La calle enseña al transeúnte a ver. Allí esta el mundo aparente y el esencial. Puede ver los seres y las cosas, o sea los objetos del conocimiento. Puede verlos con el método fenomenológico: delimitar sectores de experiencia y analizarlos descartando preconceptos. Puede verlos en forma desprevenida y realista: las cosas y la gente son lo que son, son lo que veo: existencias, parte de la realidad que puedo asumir o descartar. Puedo verlos en forma altruista: me interesan porque son el prójimo o la creatura. Puede verlos de manera inquisitiva: quienes son, que hacen, como viven. Y son cosas: que función cumplen, cual es su destino estético, por que están allí. La inquisición, la curiosidad, la investigación son la profesión callejera.

La calle enseña a mirar: concéntrese un poco y ella enseña a ver. Si usted ve y piensa, empieza a separar, a tener ideas claras y distintas, como cualquier peatón cartesiano. Separa rasgos, indumentarias, oficios, edades, orígenes, calidades de vida. El transeúnte debe ser un profesor metafísico: aceptablemente distraído, pero atento al ser, esclavo de la realidad misteriosa.

En la calle esta la contingencia, solo la contingencia, decía Sartre. Allí no esta la necesidad, que es lo opuesto a la contingencia. “Gentes que se desplazan, que son cualesquiera”. Si lo contingente es que cualquier cosa puede pasar, que nada esta sujeto a una ley inflexible, el viejo zorro existencialista tenia razón y no la tenia. Las gentes se desplazan, pero la ciudad les fija un cierto concepto de necesidad, o tal vez de fatalidad.

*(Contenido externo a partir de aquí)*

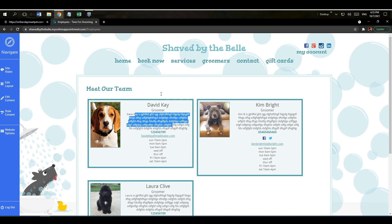Awesome, those are the employee display options in the online booking website in a nutshell. I hope this video helps and have a great day. Bye now.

La calle es un punto de vista. Ese punto de vista es personal y social. Esta el individuo y están los otros. La relación del yo individual con los otros es siempre inminente en la calle. La inminencia constante de esa relación obliga al yo a tener en cuenta a los otros. El punto de vista del yo frente a si mismo o frente a los demás esta contaminado en la calle por el punto de vista social: los otros siempre están allí, en el desplazamiento, en la búsqueda, en los encuentros.

El punto de vista individual es el del hombre que esta en medio de los otros, pero que porta su propia necesidad. Es un punto de vista libre, pero que debe tener en cuenta a los otros. Es un punto de vista siempre creativo: debe crear situaciones donde están los demás.

El punto de vista social es el destino común: pertenecer a la raza humana en un espacio compartido, que no une en forma necesaria, y en donde hay unos bienes comunes. El yo vigilado por los otros, y los otros vigilados por el yo: ese es el punto de vista de la calle.

*Gerardo Bedoya Borrero: Caleño raizal, periodista del diario OCCIDENTE, EL SIGLO y EL PAIS, escritor, POETA, diplomático y político, asesinado por balas asesinas del narcotráfico  en 1996.